La visita missionaria di Papa Francesco scuote le coscienze al di là dei dogmi e delle situazioni culturali di bandiera. La tradizione di fede apostolica, radicata nella resurrezione dell’umano dal destino di una morte a senso unico, risveglia se stessa dal torpore delle comodità a cui era stata piegata, in tanti secoli di formalità e distanze mentali fra religioni. Con il suo esserci in carne, ossa e spirito Bergoglio in Iraq, in questo momento storico, ha dimostrato con i fatti quanto sia importante non celarsi dietro alla roccaforte dell’autoreferenzialità. L’esserci lì, ora, ha spaccato ogni crosta ad una speranza finora proferita soltanto a parole.
Il viaggio in Iraq diviene un’occasione esistenziale per far emergere il grido di dolore in un terreno di orecchie e di sguardi umani pronti ad accogliersi a vicenda.

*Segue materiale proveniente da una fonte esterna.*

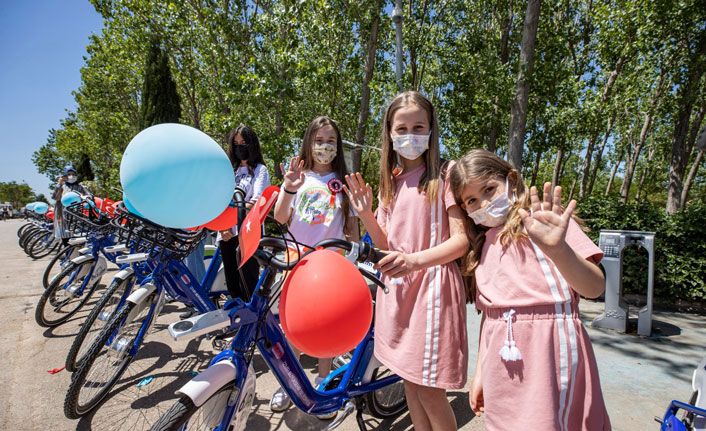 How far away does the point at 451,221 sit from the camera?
1571 millimetres

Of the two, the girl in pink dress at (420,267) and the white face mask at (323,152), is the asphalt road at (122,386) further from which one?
the white face mask at (323,152)

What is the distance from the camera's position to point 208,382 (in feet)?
4.64

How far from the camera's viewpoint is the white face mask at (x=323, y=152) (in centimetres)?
244

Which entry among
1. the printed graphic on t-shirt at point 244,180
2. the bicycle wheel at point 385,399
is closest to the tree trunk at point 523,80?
the printed graphic on t-shirt at point 244,180

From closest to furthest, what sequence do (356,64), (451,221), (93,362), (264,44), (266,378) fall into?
1. (451,221)
2. (93,362)
3. (266,378)
4. (264,44)
5. (356,64)

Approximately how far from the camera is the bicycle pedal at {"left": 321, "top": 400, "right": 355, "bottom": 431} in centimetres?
192

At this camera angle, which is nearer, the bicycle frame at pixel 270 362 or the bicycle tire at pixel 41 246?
the bicycle frame at pixel 270 362

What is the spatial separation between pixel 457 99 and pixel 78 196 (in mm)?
11790

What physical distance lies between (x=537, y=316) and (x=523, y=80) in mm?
6730

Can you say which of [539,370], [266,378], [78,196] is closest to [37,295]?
[78,196]

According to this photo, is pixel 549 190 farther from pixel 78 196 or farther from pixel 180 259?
pixel 78 196

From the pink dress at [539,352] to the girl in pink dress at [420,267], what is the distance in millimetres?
228

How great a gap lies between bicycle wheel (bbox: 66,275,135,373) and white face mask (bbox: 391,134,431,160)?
99.7 inches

La diversità religiosa non è più una scusante per fare le prime donne sulle poltroncine della propria roccaforte. La diversità religiosa non equivale più a lontananza con Bergoglio. L’eternità non si cela dietro le dottrine del proprio ceto, ma in ogni emozione che provoca l’incontro in un adesso e in un qui con l’altro, strofinando i desideri di umanità oltre le incrostazioni delle fobie.

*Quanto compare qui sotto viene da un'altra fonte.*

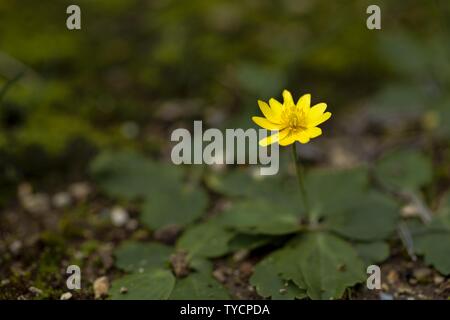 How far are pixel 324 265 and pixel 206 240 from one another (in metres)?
0.44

Ciò ch’era arido può divenire umido. Su una fresca roccia verrà rifondata forse una nuova chiesa di pace e unione universale, trasversale e divergente, in ogni dove e al di là dei nomi. Questa sarà la via, partendo da ciò che di buono già passa il nostro tempo.
TV, social e giornali con la loro fagocitante mobilità hanno intensamente plasmato la propria narrativa, incidendo sull’umore, sul tempo e sulla mente degli italiani e non solo, durante la scorsa settimana. Chiusi in casa la sera con in pugno lo scettro sostanzialmente eteronomico del telecomando, gli italiani hanno assistito agli eventi del festival di Sanremo e della missione bergogliana in Iraq. Al di là di ogni narrativa però restano i fatti, e i frutti simbolici di una speranza che va coltivata quotidianamente, e che ci viene passata come un testimone ispiratore di umanità.
Così dopo la appena trascorsa settimana mediatica non ci resta che coltivare una speranza immediata nella realtà, con più forza discernitiva, valutativa e d’azione, soprattutto in questi giorni di riprospettate chiusure.
Saremo magari visti un po’ “fuori di testa”, predicando un’amorevole rabbia nel tormento per l’evoluzione, “ma diversi” da coloro che per fobia del nuovo che avanza vogliono il ritorno alla rigidità dei palchi nei festival, e soprattutto degli altari nelle chiese. Basta invece conservare un po’ d’equilibrio, nel buon senso, e restare innovatori senza mai scadere nell’eccesso di autoreferenzialità vuote, in quella ch’è stata definita la Likecrazia, che non vale solo nella politica (dove a denunciarla è stato il libro “Likecrazia” di Daniele Capezzone) ma anche nella musica e nelle questioni religiose.
Il riformismo del costume e della libido teologica nel post-umanesimo si faccia pure rock, radicale nella manifestazione e intensamente equilibrato nei contenuti. Da questo – e non su questo – rock di agape e lotta, un giorno, l’innovazione rifonderà la sua chiesa.